Adult. The adulteration of both flour and bread is carried to a fearful extent, more especially in London. The baker’s flour is very often made of the worst kinds of damaged foreign wheat; and other cereal grains, and particularly beans, are mixed with them in grinding them into flour. In this capital no fewer than six distinct kinds of wheaten flour are brought into the market—fine flour, seconds, middlings, fine middlings, coarse middlings, and twenty-penny flour.
Among the principal substances which have been proved to have been used to adulterate wheat-flour and bread are the following:—
| ** | Alum. |
| * | Ammonia (Sesquicarbonate). |
| ** | Beans. |
| * | Bone dust. |
| * | Chalk. |
| Clay. | |
| Copper (Sulphate). | |
| Lime (Sulphate from the soda water makers). | |
| * | Magnesia (Carbonate). |
| * | Plaster of Paris. |
| * | Potash (Carbonate and bicarbonate). |
| ** | Potatoes. |
| ** | Rice. |
| ** | Soda (Carbonate and sesquicarbonate). |
| * | Starch (Potato). |
| ** | Water (in excess). |
| Zinc (Sulphate). |
Of these substances, those marked thus (*) are very frequently used; and those marked thus (**) almost universally so.
In the absence of chemical analysis the unalumed loaf may be roughly distinguished from the alumed one by the following characteristics: it is neither so white, so bulky, nor so symmetrical; it bites shorter, and it is free from the sour taste which accompanies the presence of alum. Again, unalumed bread a day or two old will be found to crumble with great readiness; alumed bread, however old, crumbles, on the contrary, with difficulty.
According to Mr Accum, the smallest quantity of alum that can be employed with effect to produce white, light, and porous bread, from the inferior kinds of flour commonly used by the bakers, is from 3 to 4 oz. to a sack of flour weighing 280 lbs. But Dr P. Markham states that the ordinary bread of the London baker is made of one sack or 5 bushels of flour; 8 oz. of alum; 4 lbs. of salt; 1⁄2 gall. of yeast; and about 3 galls. of water. Our own analyses, extending to many hundred samples of London bread, as well as those of other chemists, show that even this large quantity of alum is often very much exceeded by the bakers.

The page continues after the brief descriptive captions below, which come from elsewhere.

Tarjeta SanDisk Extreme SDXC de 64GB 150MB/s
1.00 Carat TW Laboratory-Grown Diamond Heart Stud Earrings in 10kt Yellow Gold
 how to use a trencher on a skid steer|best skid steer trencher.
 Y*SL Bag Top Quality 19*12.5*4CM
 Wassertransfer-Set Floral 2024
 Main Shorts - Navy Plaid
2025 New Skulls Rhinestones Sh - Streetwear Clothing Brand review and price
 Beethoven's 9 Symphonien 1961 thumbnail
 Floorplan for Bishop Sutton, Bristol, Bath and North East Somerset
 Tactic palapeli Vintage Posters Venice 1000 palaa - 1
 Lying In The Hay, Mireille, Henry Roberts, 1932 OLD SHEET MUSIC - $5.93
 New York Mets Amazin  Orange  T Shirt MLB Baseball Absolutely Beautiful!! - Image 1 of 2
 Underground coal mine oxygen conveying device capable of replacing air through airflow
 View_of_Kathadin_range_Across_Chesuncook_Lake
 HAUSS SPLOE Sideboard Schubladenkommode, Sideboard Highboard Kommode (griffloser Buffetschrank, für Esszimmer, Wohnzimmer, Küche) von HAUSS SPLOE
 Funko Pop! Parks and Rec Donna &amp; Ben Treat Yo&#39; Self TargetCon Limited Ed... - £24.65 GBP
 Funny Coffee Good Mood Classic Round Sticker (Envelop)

Alkaline substances, as the carbonates of ammonia, soda, and potash, are often employed to realise the important consideration of producing light and porous bread from spoiled, or, as it is technically called, sour flour. The first salt becomes temporarily converted into a gaseous state during the operation of baking, causing the dough to swell up in minute bubbles, which thus render it light and porous; the salt itself being at the same time, for the most part, volatilised. Alum is added, not only with a like intention, but also to enable the dough to carry more water. There are several instances of convictions on record of millers and bakers having used gypsum, chalk, and pipeclay in the manufacture of their goods. A gentleman lately writing from the
North of England says that he found in one sample of flour which he recently examined upwards of 16% of gypsum; and in another, 12% of the same earth.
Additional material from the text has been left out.